Throttling

Introduction #

VReplication moves potentially massive amounts of data from one place to another, whether within the same keyspace and shard or across keyspaces. It copies data of entire tables and follows up to apply ongoing changes on those tables by reading the binary logs (aka the changelog).

This places load on both the source side (where VReplication reads data from) as well as on target side (where VReplication writes data to).

On the source side, VReplication reads the full content of tables. This typically means loading pages from disk contending for disk IO, and "polluting" the MySQL buffer pool. The operation competes with normal production traffic for both IO and memory resources. If the source is a replica, the operation may lead to replication lag. If the source is a primary, this may lead to write contention.

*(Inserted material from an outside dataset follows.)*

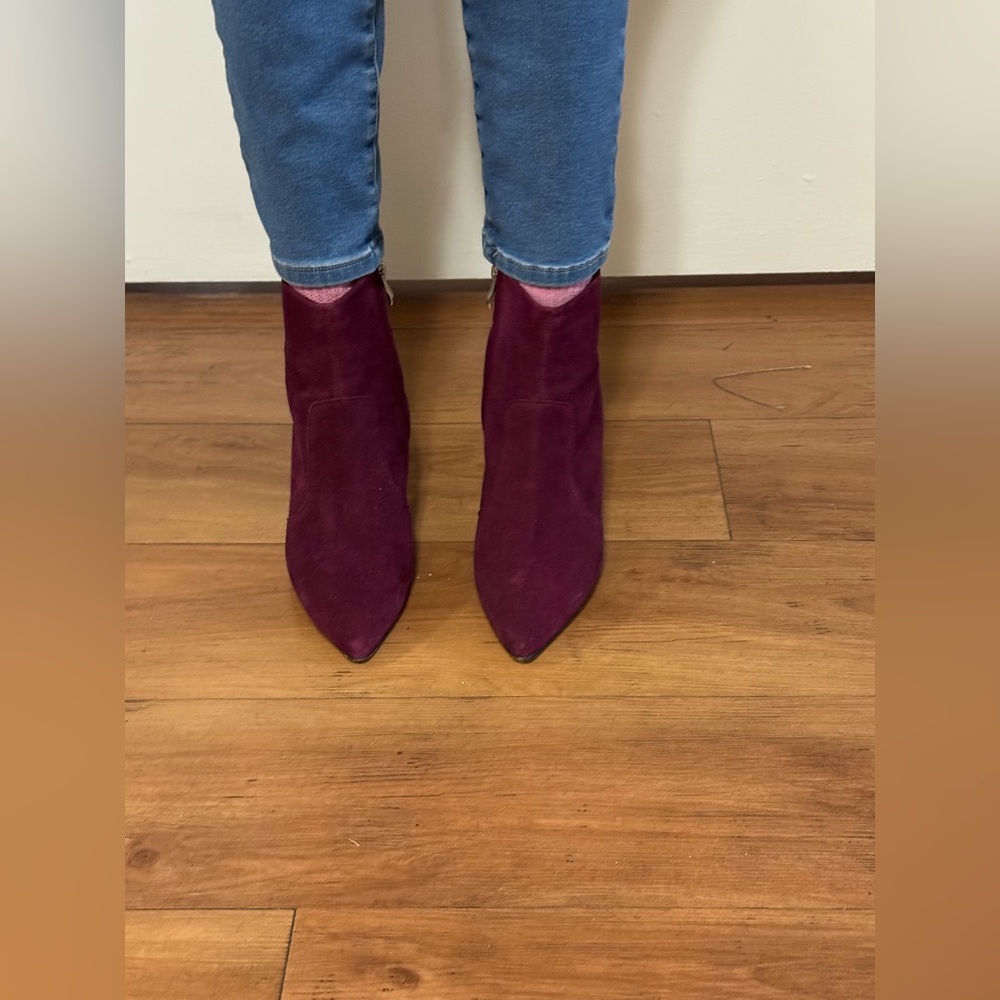 Cute suede bootie - Picture 2 of 3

On the target side, VReplication writes massive amount of data. If the target server is a primary with replicas, then the replicas may incur replication lag.

To address the above issues, VReplication uses the tablet throttler mechanism to push back both reads and writes.

Target throttling #

On the target side, VReplication wishes to consult the overall health of the target shard (there can be multiple shards to a VReplication workflow, and here we discuss the single shard at the end of a single VReplication stream). That shard may serve production traffic unrelated to VReplication. VReplication therefore consults the internal equivalent of /throttler/check when writing data to the shard's primary. This checks the replication lag on relevant replicas in the shard. The throttler will push back VReplication writes of both table-copy and changelog events.

Source throttling #

On the source side, VReplication only affects the single MySQL server it reads from, and has no impact on the overall shard. VStreamer, the source endpoint of VReplication, consults the equivalent of /throttler/check-self, which looks for replication lag on the source host.

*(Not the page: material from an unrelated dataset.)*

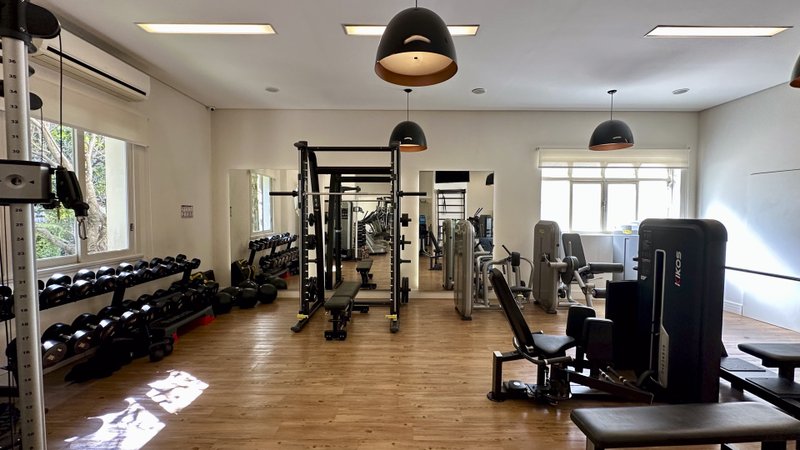 Apartamento 380m² no Jardim América 3 dorm 2 suítes 3 vagas Rua Cristóvão Diniz São Paulo -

As long as check-self fails, VStreamer will not read table data, nor will it pull events from the changelog.

Impact of throttling #

VReplication throttling is designed to give way to normal production traffic while operating in the background. Production traffic will see less contention. The downside is that VReplication can take longer to operate. Under high load in production VReplication may altogether stall, to resume when the load subsides.

Throttling will push back VReplication on replication lag. On systems where replication lag is normally high this can bring VReplication down to a grinding halt. In such systems consider configuring -throttle_threshold to a value that agrees with your constraints. The default throttling threshold is at 1 second replication lag.